## Dataset content
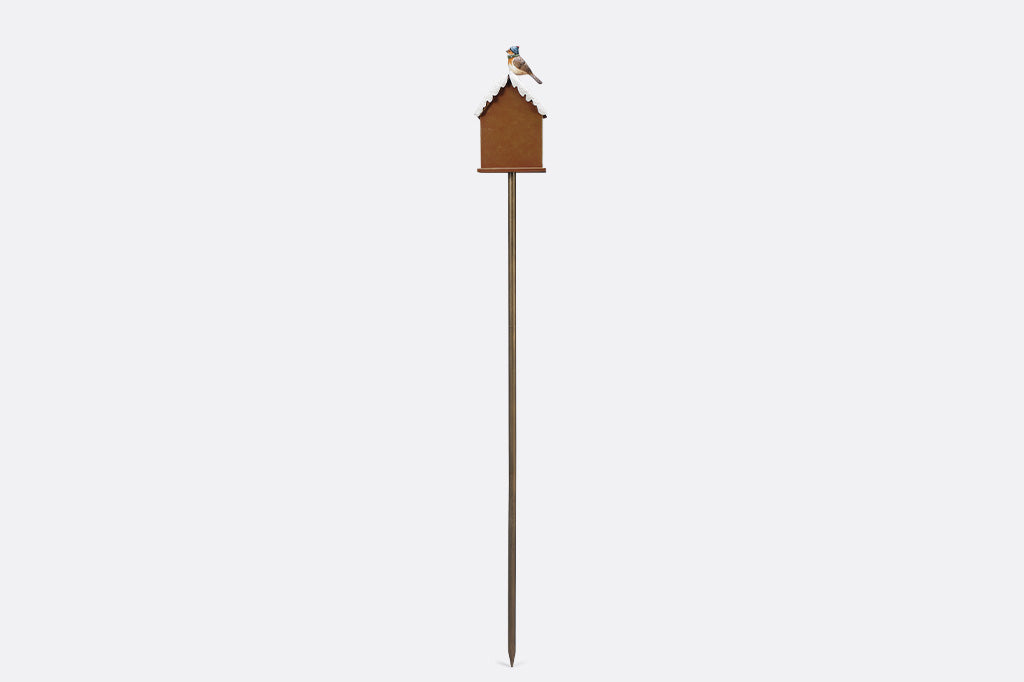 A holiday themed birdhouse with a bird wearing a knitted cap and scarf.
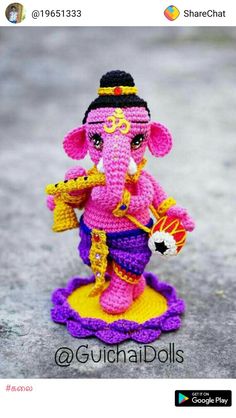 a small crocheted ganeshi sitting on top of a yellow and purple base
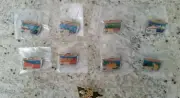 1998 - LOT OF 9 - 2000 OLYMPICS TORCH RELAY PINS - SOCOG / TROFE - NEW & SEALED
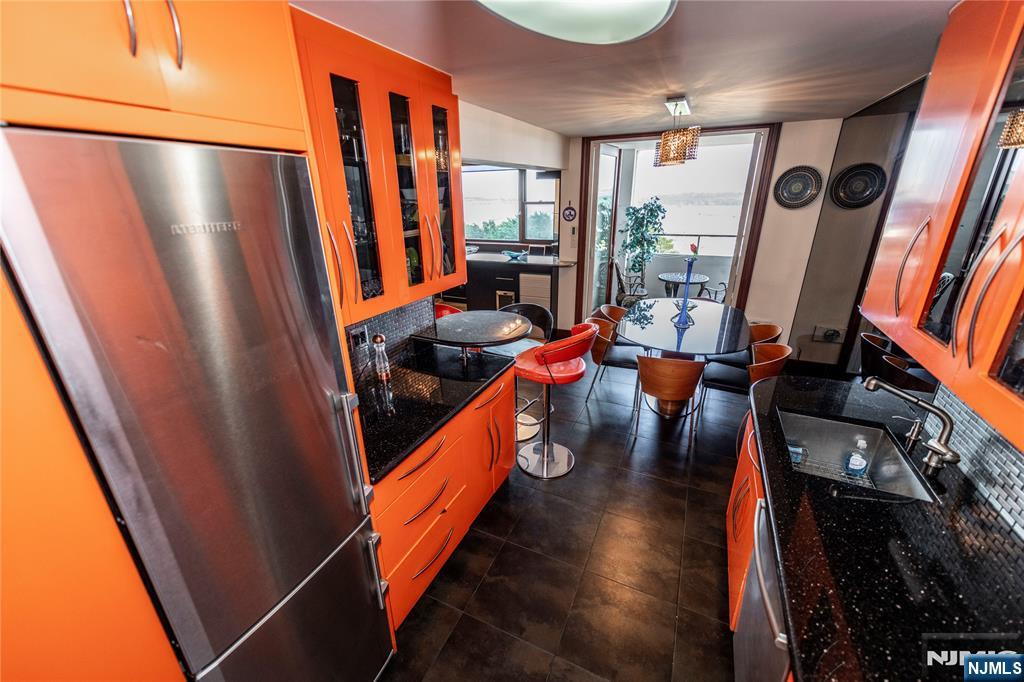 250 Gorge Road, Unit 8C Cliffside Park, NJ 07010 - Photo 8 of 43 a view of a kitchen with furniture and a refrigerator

## The problem
Once you have returned the line containing "1998 - LOT OF", stop; begin at the first line of the material, keep each line exact, and skip the pictures.

## Your response
 A holiday themed birdhouse with a bird wearing a knitted cap and scarf.
 a small crocheted ganeshi sitting on top of a yellow and purple base
 1998 - LOT OF 9 - 2000 OLYMPICS TORCH RELAY PINS - SOCOG / TROFE - NEW & SEALED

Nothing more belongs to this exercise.